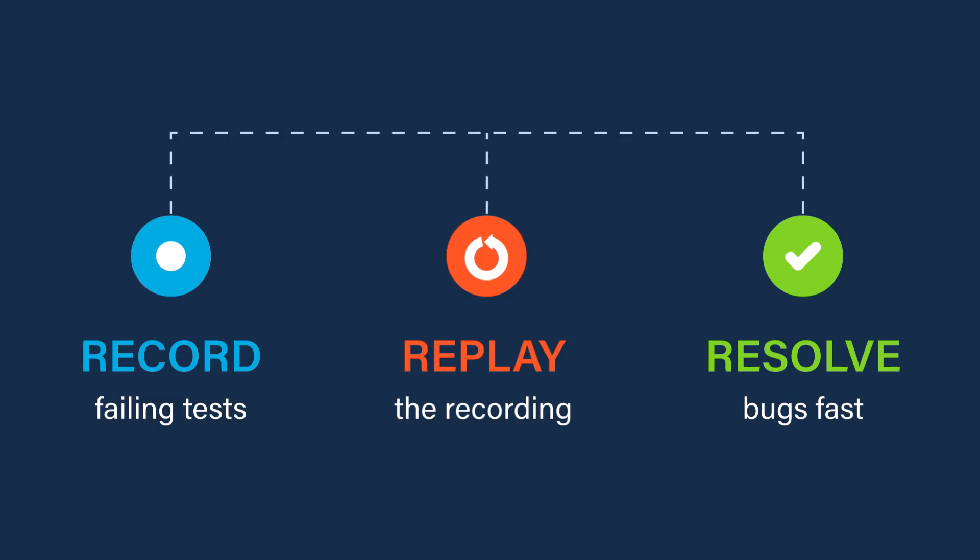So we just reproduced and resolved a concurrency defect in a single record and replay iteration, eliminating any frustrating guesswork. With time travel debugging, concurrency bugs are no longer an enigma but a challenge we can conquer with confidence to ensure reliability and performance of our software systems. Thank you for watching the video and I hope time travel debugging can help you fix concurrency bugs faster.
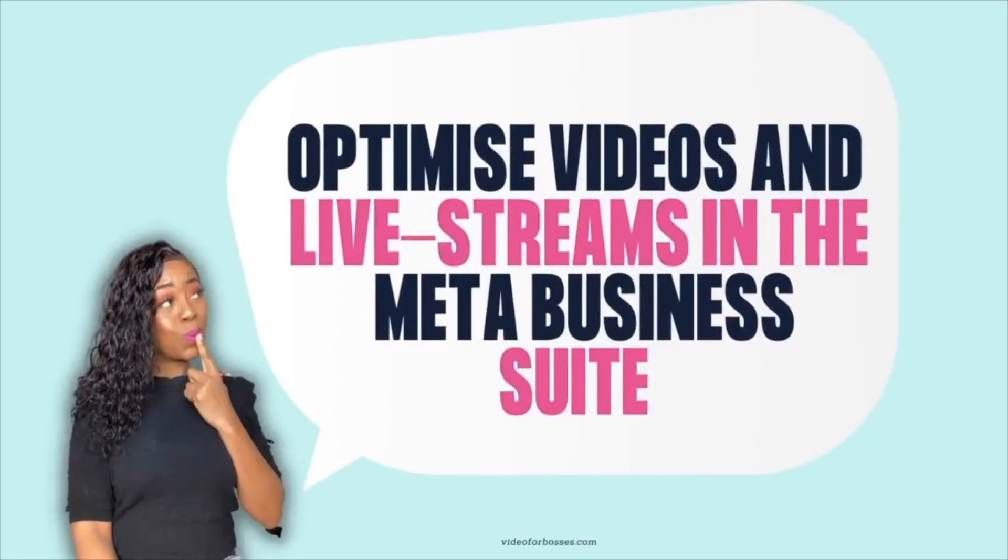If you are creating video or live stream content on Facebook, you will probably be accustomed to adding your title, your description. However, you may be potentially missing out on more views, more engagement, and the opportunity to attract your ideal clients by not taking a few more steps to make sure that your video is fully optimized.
------
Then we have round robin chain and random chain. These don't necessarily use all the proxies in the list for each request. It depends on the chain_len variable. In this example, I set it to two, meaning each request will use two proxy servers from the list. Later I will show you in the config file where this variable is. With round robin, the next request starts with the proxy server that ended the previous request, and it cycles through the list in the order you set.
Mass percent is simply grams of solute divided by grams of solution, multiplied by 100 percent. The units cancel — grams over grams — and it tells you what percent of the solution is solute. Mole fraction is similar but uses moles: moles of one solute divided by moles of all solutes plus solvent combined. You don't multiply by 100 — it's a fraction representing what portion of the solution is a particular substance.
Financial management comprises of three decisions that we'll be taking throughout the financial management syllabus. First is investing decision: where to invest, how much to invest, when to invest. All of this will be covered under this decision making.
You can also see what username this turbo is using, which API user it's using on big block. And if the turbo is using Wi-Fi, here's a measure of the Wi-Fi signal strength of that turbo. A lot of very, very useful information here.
------
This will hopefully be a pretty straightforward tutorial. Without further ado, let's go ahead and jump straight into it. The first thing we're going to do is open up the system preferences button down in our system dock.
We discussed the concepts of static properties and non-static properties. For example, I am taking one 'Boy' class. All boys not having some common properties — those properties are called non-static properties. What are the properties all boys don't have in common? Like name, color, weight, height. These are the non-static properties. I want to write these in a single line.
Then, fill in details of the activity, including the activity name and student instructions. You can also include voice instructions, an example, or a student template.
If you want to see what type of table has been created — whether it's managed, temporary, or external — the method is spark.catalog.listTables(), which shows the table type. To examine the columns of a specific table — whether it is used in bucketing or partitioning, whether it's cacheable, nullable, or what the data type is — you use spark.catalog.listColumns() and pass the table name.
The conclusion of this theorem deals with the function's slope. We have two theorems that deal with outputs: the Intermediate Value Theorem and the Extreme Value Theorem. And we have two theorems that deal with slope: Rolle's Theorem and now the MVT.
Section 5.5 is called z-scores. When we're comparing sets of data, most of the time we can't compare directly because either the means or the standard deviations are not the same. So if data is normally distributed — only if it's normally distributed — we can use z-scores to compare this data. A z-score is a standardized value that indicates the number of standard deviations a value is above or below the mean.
------
PROBLEM REQUIREMENTS =>
Pull every line with "where" from the records.

WRITTEN SOLUTION =>
Then we have round robin chain and random chain. These don't necessarily use all the proxies in the list for each request. It depends on the chain_len variable. In this example, I set it to two, meaning each request will use two proxy servers from the list. Later I will show you in the config file where this variable is. With round robin, the next request starts with the proxy server that ended the previous request, and it cycles through the list in the order you set.
Financial management comprises of three decisions that we'll be taking throughout the financial management syllabus. First is investing decision: where to invest, how much to invest, when to invest. All of this will be covered under this decision making.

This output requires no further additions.